Creutzfeldt-Jakob disease is a fatal, transmissible form of dementia. Because of its infectious nature, diagnosis of this disease is most important.
The infectious agent is referred to as an "unconventional" virus or prion. There is no specific immune response to the infectious particle in the brain, serum, or cerebrospinal fluid of patients with this disease. Therefore, the usual diagnosis is an antemortem diagnosis which must be made by biopsy of affected brain tissue. The closest known technology for accurately diagnosing Creutzfeldt-Jakob disease is by directly examining abnormal brain tissue, either by light microscopy of a brain biopsy, identifying the presence or absence of a protein PrP 27-30 in extracts of brain biopsy tissue, or by a combination of the above, post-mortem. Detection of scrapie-associated fibrils by negative-stain electron microscopy and of "prion" proteins by electrophoresis of extracts from brain tissue provide additional information that is useful for diagnosis.

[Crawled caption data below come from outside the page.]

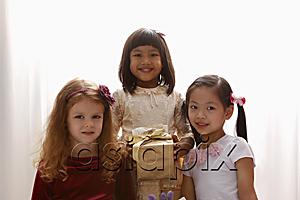 AsiaPix - three young girls smiling together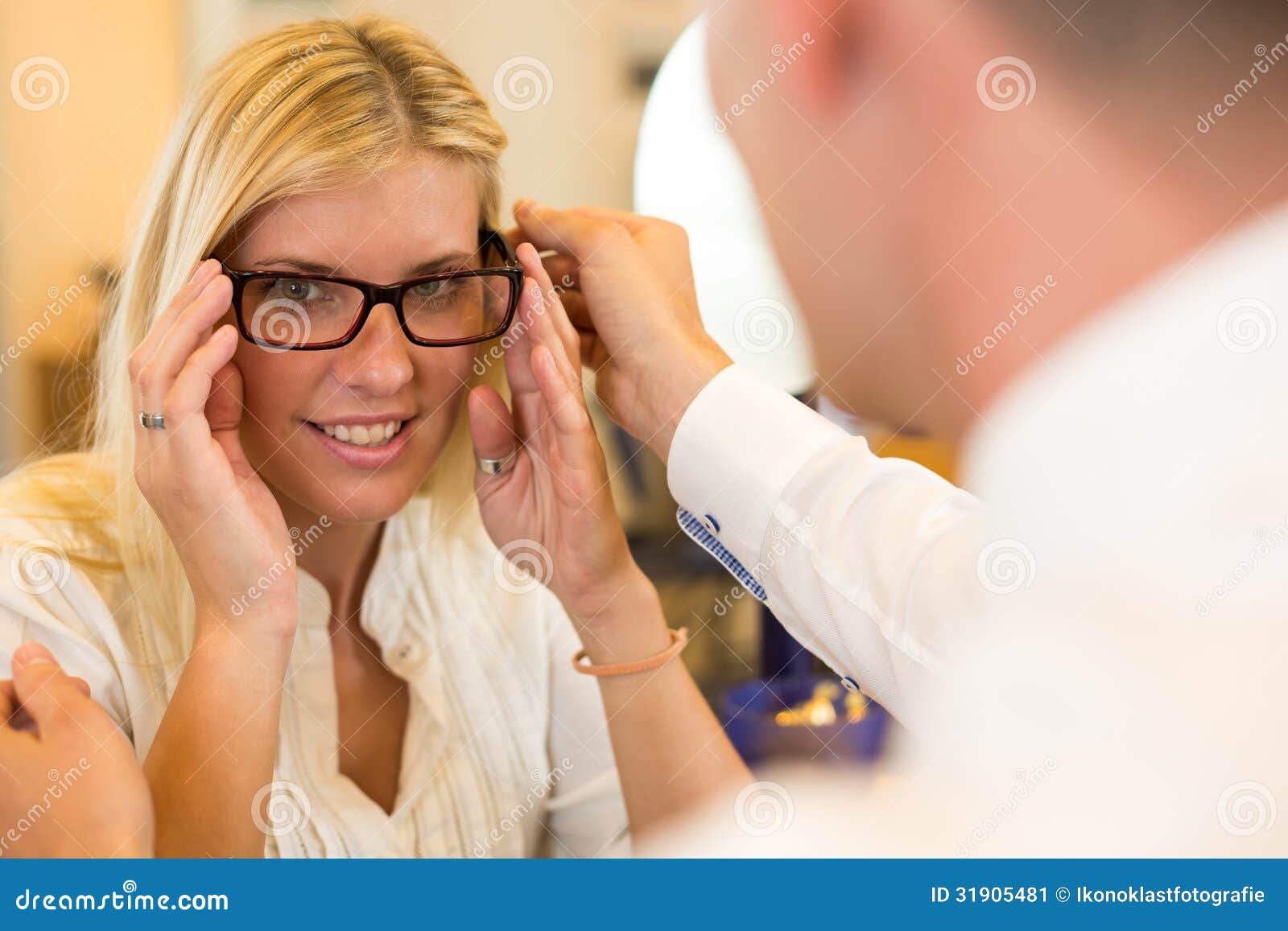 Optician or Optometrist Consulting a Customer about Eyeglasses Stock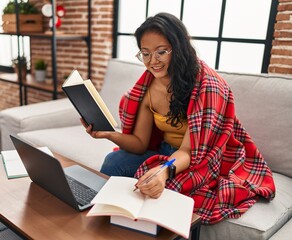 Young chinese woman studying sitting on sofa at home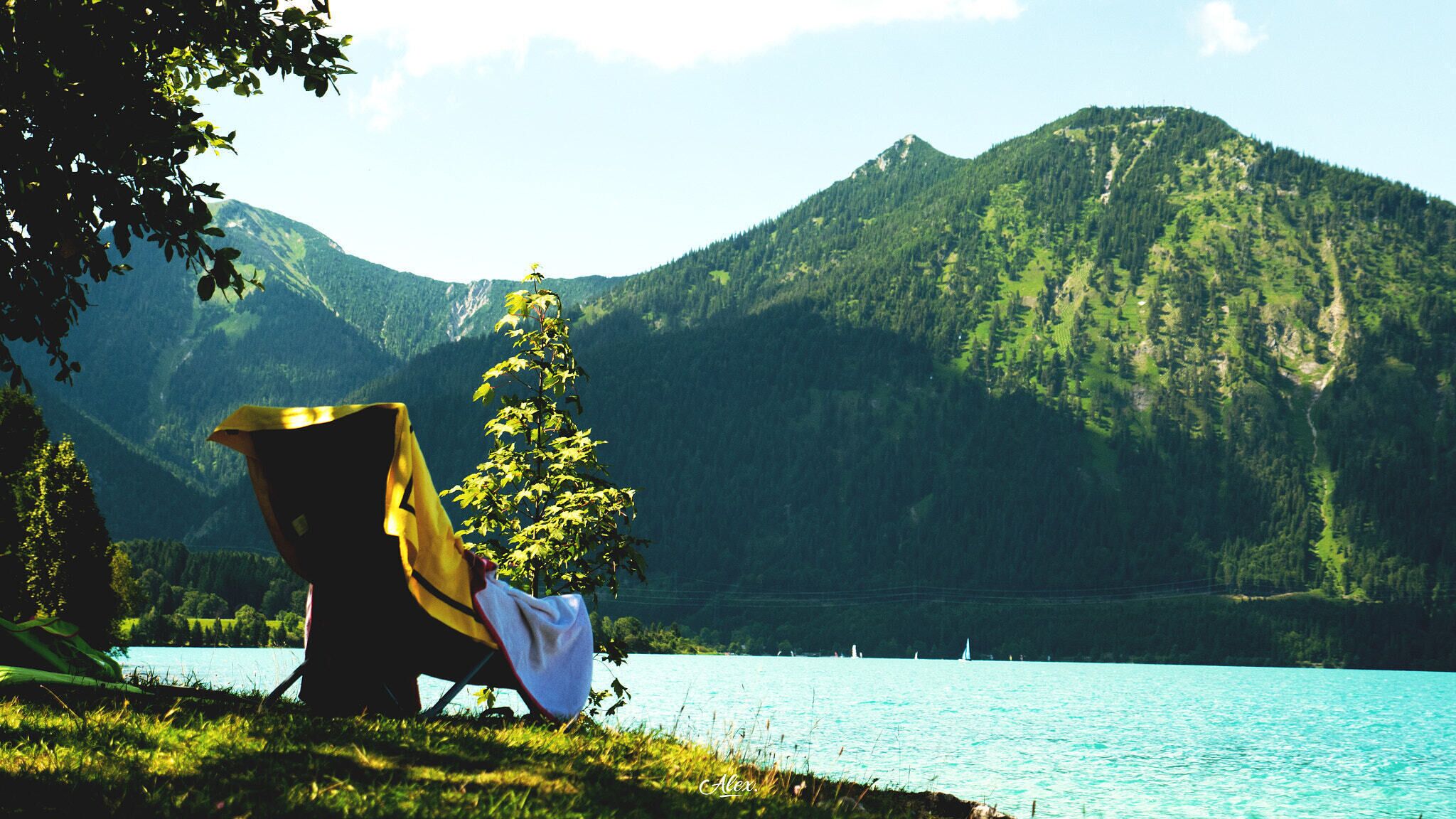 A chair by a lake with mountains in the background.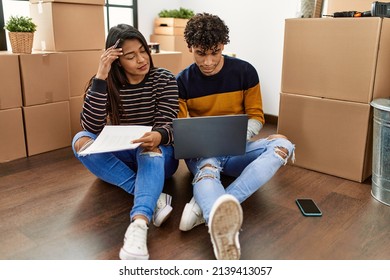 Young Latin Couple With Serious Expression Using Laptop Sitting On The Floor At New Home.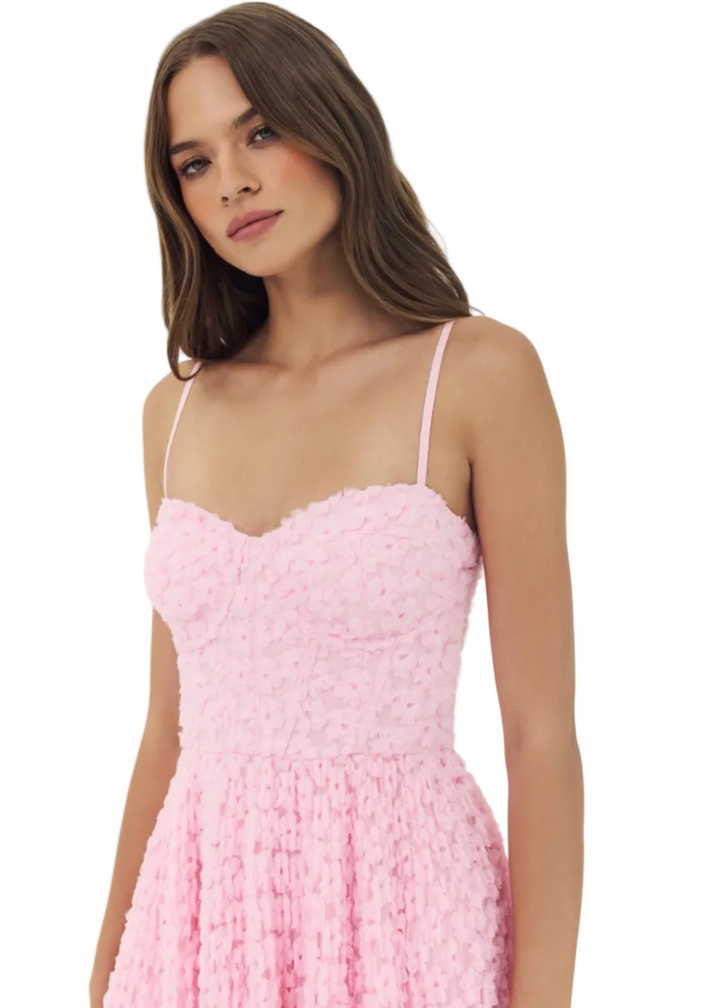 close up of model wearing the Amara Dress by Hutch in the color pink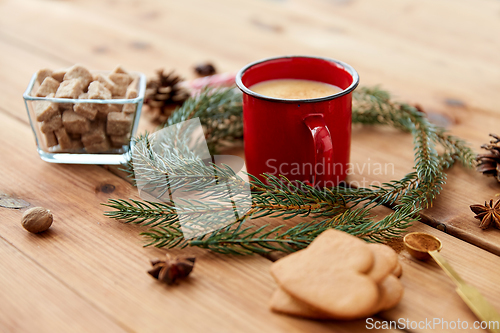 Image of cup of eggnog, fir branches, gingerbread and sugar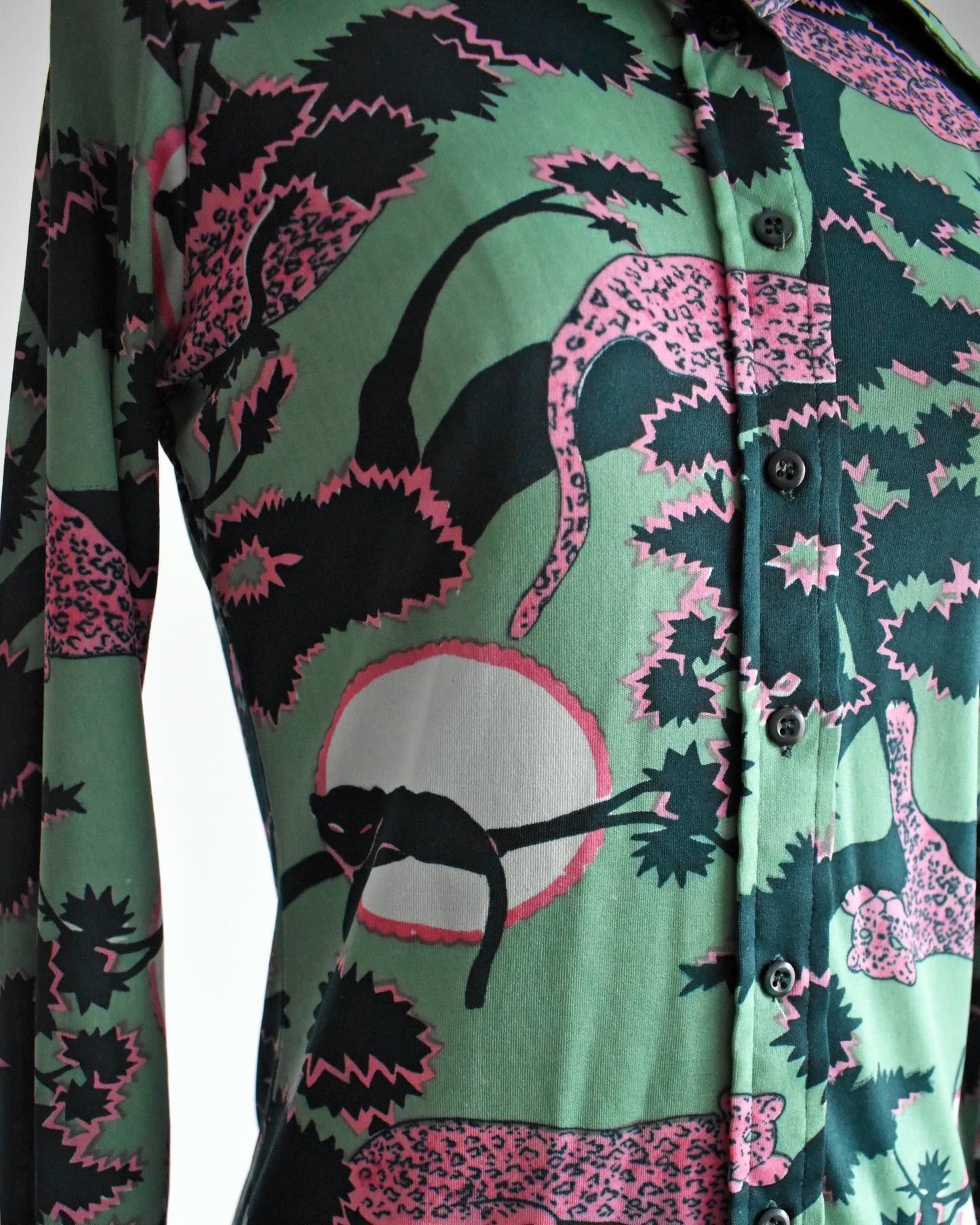 close up of the  print of a vintage 1970s disco blouse that is green and a print of pink and black leopards lounging in dark green and pink trees. The black leopards are set against a white circle with pink trim.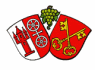 Das Kiedricher Wappen links in weiß und der roten Burgruine Scharfenstein und rechts, auf rotem Untergrund, das weiße mit einem Kreuz verbundene Doppelrad. Rechts davon ist das rote Wappen von Hautvillers, auf dem sich zwei alte goldene Schlüssel kreuzen.. Oben ist zwischen den beiden Wappen eine grüne Weintraube mit grünen Blättenr und einem braunem Stiel.
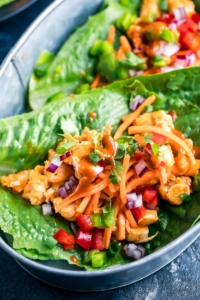 These spicy Buffalo Shrimp Lettuce Wrap Tacos are fast, flavorful, and ready to Taco Tuesday your face off! Each tasty taco is gluten-free, paleo and Whole30 friendly too!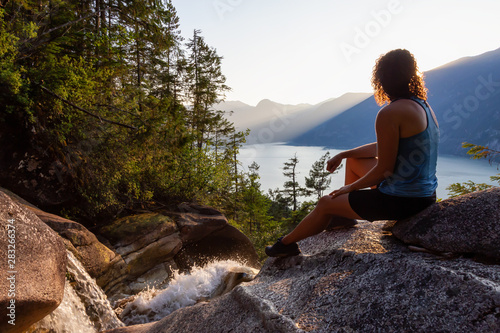 Adventurous Girl is sitting on top of a Beautiful Waterfall  Shannon Falls  and watching the sunset. Taken near Squamish  North of Vancouver  British Columbia  Canada.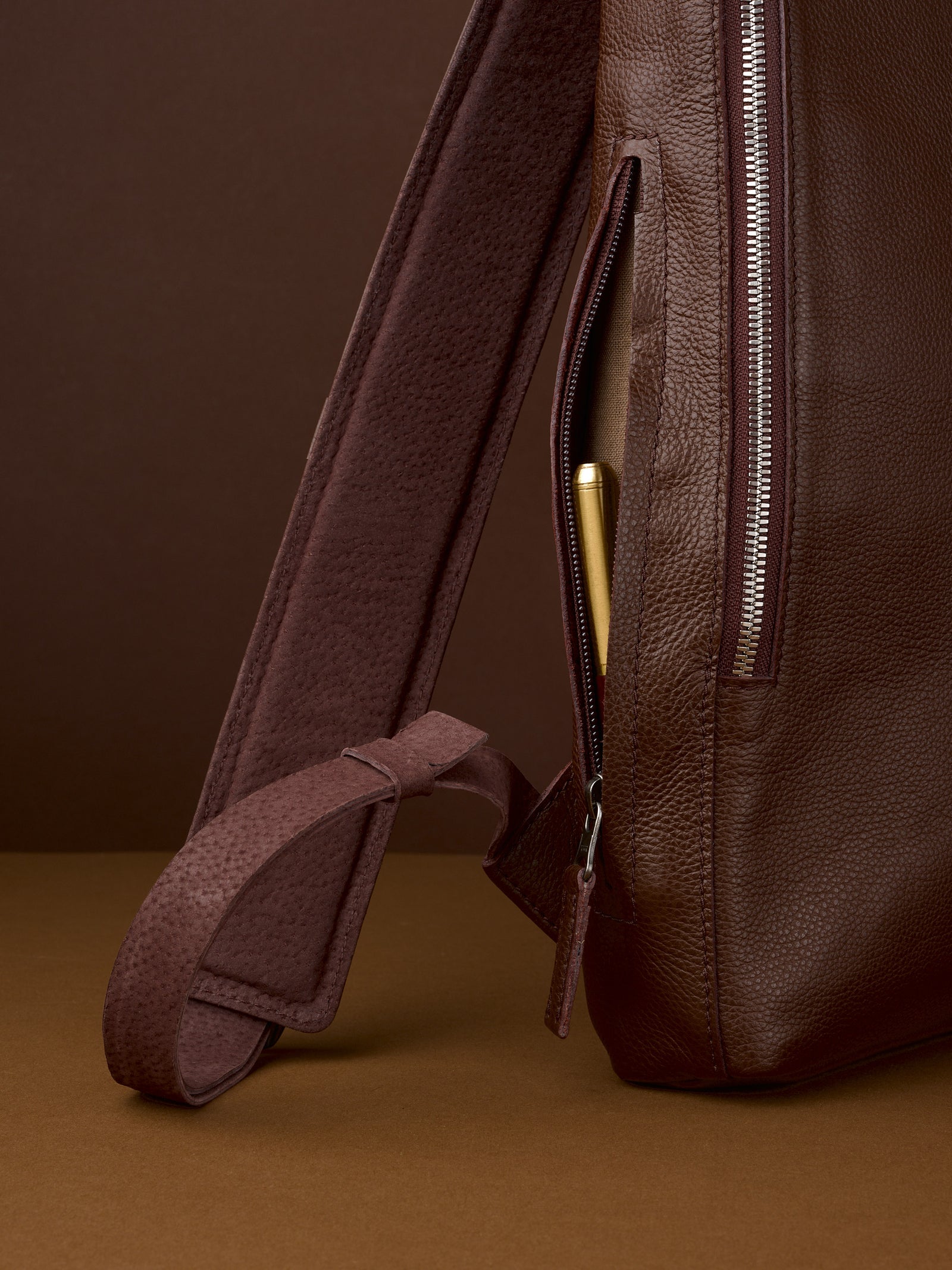 Professional backpack for men. Men's style. Men's fashion. Premium backpack for men. Side pocket for easy access. Everyday backpack. Padded shoulder straps for comfort. Memory foam padded strap for men. Quality materials for durability and style. Made in leather and suede by Capra Leather.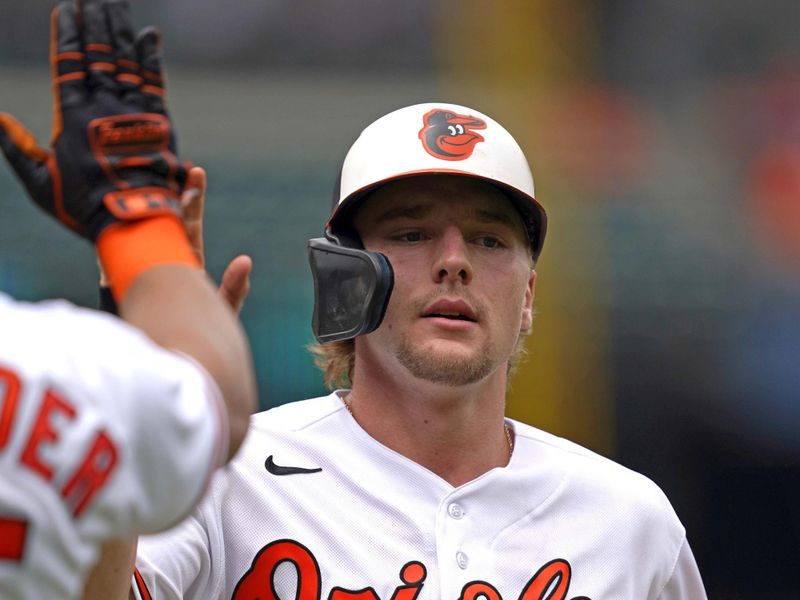 Jul 16, 2023; Baltimore, Maryland, USA; Baltimore Orioles  shortstop Gunnar Henderson (2) greeted by outfielder Anthony Santander (25) after scoring a run in the first inning against the Miami Marlins at Oriole Park at Camden Yards. Mandatory Credit: Mitch Stringer-USA TODAY Sports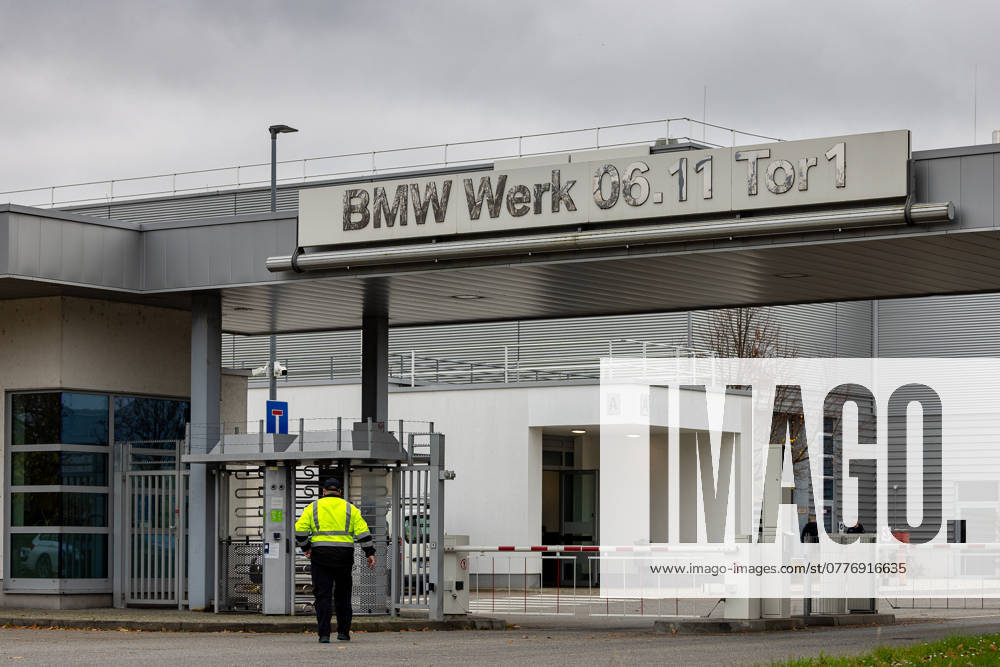Automotive industry Entrance gate 1 of the BMW plant in Regensburg An employee in a yellow high-visibility vest enters the plant premises through a turnstile The modern building shows the company sign BMW Plant 06 11 Gate 1 on a gray background Regensburg Burgweinting Harting Bavaria Germany 20241030-286A3343-M4000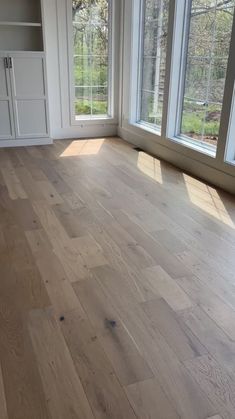 an empty room with wood floors and large windows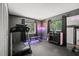Home gym with treadmill, weights, and neon peach decor at 639 Elwood St, Deltona, FL 32725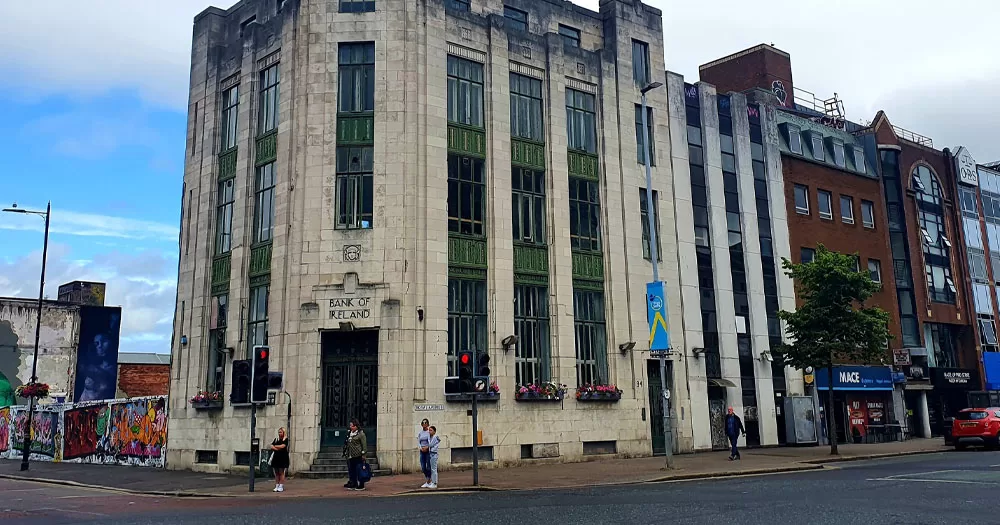 The image shows an art deco building on the corner of North Street in Belfast, near where an alleged homophobic assault occurred. The building's main door is positioned on the corner with the words "Bank of Ireland" above it. The windows stretch the full height of the building in slim columns.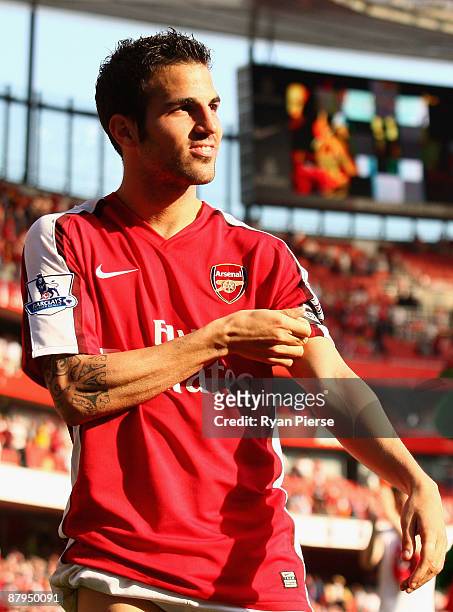 Cesc Fabregas of Arsenal takes off his captains armband after the Barclays Premier League match between Arsenal and Stoke City at Emirates Stadium on...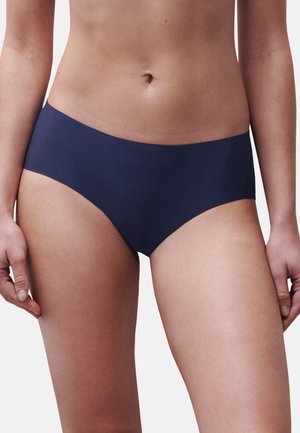 Slip bikini blu navy con una texture liscia ed elastica. Presentano un taglio classico con vita media e bordi laterali senza cuciture.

While it is possible to biopsy a live brain, this procedure is undertaken only with great reluctance for obvious reasons having to do with the adverse effects coupled with little potential benefit to the patient. A biopsy of brain tissue is not performed until late in the course of the disease because of the inherent risks of the procedure. On the other hand, cerebrospinal fluid can be readily obtained from patients. Unfortunately for the purpose of diagnosis, scrapie-associated fibrils and prion proteins have not yet been detected in spinal fluid.
Progress over the last decade in protein separation and staining has allowed the detection of approximately 300 proteins in the cerebrospinal fluid. Hartman, in U.S. Pat. No. 4,654,313, describes a radioimmunoassay for the determination of brain antigens or protein such as S-100, which is responsible for some neurological disorders.
Searcy et al., in U.S. Pat. No. 3,201,202, disclose a method for microquantitation of proteins in cerebrospinal fluid, but there is no disclosure of the purpose for which such proteins are quantitated.
Whitaker, in U.S. Pat. No. 4,205,057, disclose a method for isolating and using cerebrospinal fluid myelin encephalitogenic protein fragments as a disease indicator in multiple sclerosis.
Galvez et al., in Neurology 29: 1610-1612 (1970), disclose that the concentrations of IgA, IgG, and C3 in spinal fluid was increased over that of controls, suggesting a passage of IgG and C3 from the blood into spinal fluid.
Olsson, in European Neurology 19: 85-90 (1980), writes that no special abnormalities were found in cerebrospinal fluid from patients with Creutzfeldt-Jakob disease concerning cells, total protein content, or the concentrations of albumin and IgG.
Chu et al., in Annals of Neurology 13 (4): 434-439 (1983), discloses that no oligoclonal immunoglobulin G bands were detected in the cerebrospinal fluid of patients with Creutzfeldt-Jakob disease.